Nè è condivisibile l’assunto di detto Tribunale secondo cui,riferendosi la richiesta difensiva a "filmati" ovvero a "video- registrazioni" e non rientrando le video-riprese" nel genus delle intercettazioni di comunicazioni", essendo esse prove, atipiche ai sensi dell’art. 189 c.p.p., la relativa documentazione era pienamente utilizzabile sulla base dei verbali di polizia giudiziaria, con sottrazione della materia alla disciplina di cui all’art. 266 c.p.p., ss., ivi compreso il disposto ex art. 268 c.p.p. di cui si lamenta la violazione.
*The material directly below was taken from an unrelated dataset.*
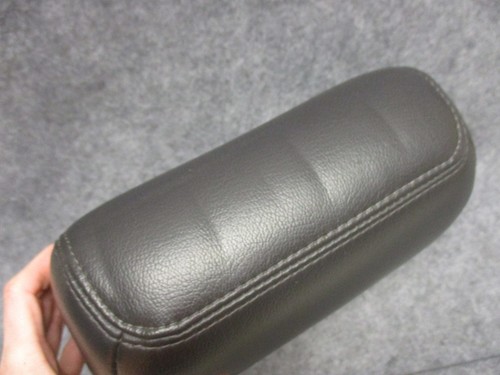 1994-1996 Chrysler New Yorker Front Head Rest Dark Gray Faux Leather OEM 25983 - Picture 5 of 5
E’ vero che, in un contesto investigativo di particolare complessità quale quello in esame, sostanziantesi tra l’altro in numerosissime conversazioni o immagini registrate, la difesa aveva genericamente richiesto il rilascio di copia dei supporti che si riferivano al proprio assistito, demandando all’Ufficio di Procura di individuare quelli che, tra il materiale raccolto, riguardassero direttamente o indirettamente il ricorrente.
Ma va rilevato che su tale istanza il PM, come già detto, si era espresso tempestivamente in senso favorevole sicchè, se al soddisfacimento di essa fosse stato di ostacolo la previa necessità di individuare quali tra il coacervo delle registrazioni fossero di specifico interesse della difesa, sarebbe stato compito dello stesso PM di darne tempestiva comunicazione alla parte istante, non potendosi ammettere ne che la interlocuzione con questa venisse instaurata dal personale amministrativo della Procura, ne, tanto meno, che ciò avvenisse la distanza apprezzabile dalla istanza relativa sostanzialmente a ridosso dell’udienza di riesame.
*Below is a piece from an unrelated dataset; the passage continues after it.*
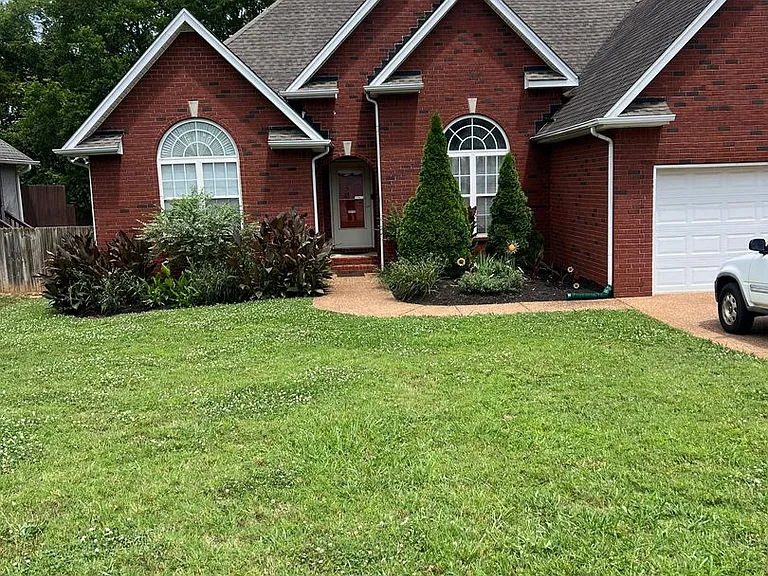 2930 Roellen Rd — Photo 1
Quanto al fatto che i supporti delle video-registrazioni rientrano nei materiali cui ha diritto di accedere la difesa,nell’ambito delle garanzie riconosciute dalla Corte Costituzionale con la sentenza n. 336/08 e poi specificate dalle Sezioni Unite di questa Corte con la sentenza Lasala innanzi cit., si è già data risposta in senso affermativo, essendo tali materiali del tutto assimilabili ai supporti di registrazioni di conversazioni. Da quanto innanzi detto, consegue l’annullamento della ordinanza impugnata con rinvio per nuovo esame al Tribunale di Catanzaro, fermo restando che il Tribunale, "non più soggetto ai termini perentori indicati dall’art. 309 c.p.p., comma 10" (Sez. U. Lasala, cit.) dovrà nuovamente prendere in esame il tema relativo alla sussistenza delle condizioni legittimanti la misura cautelare applicata sulla base delle registrazioni delle conversazioni intercettate, ove le relative copie siano prodotte in sede di rinvio, essendo state messe a disposizione della difesa.
Va richiesta la Cancelleria per gli adempimenti di cui all’art. 94 disp. att. c.p.p., comma 1 ter.

P.Q.M.

Annulla l’ordinanza impugnata e rinvia per nuovo esame al Tribunale di Catanzaro.
Manda alla Cancelleria per gli adempimenti di cui all’art. 94 disp. att. c.p.p., comma 1 ter.